#### Directions:
Write back, word for word, the lines from the one containing "UGG Classic Ultra" to the end of the listing below. Include nothing else, and no pictures.

#### Exercise data:

==========

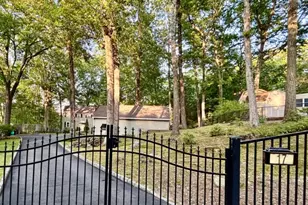 17 Highland Rd, Bloomingdale, NJ 07403 - Photo 2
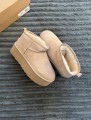 UGG Classic Ultra Mini Platform Boot Sand Beige - 40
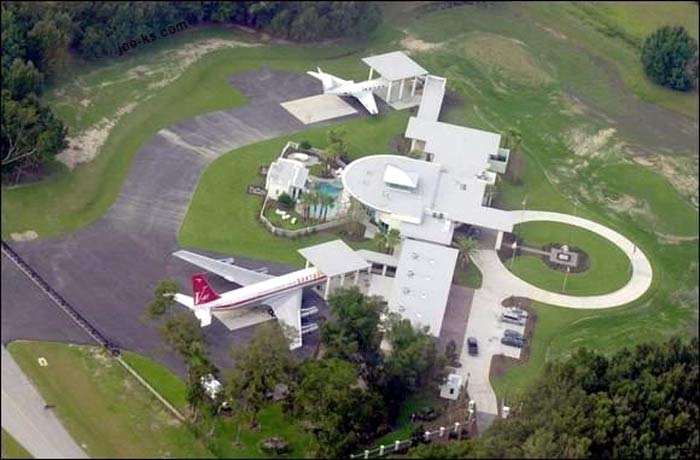 john travolta home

==========

#### Expected output:
 UGG Classic Ultra Mini Platform Boot Sand Beige - 40
 john travolta home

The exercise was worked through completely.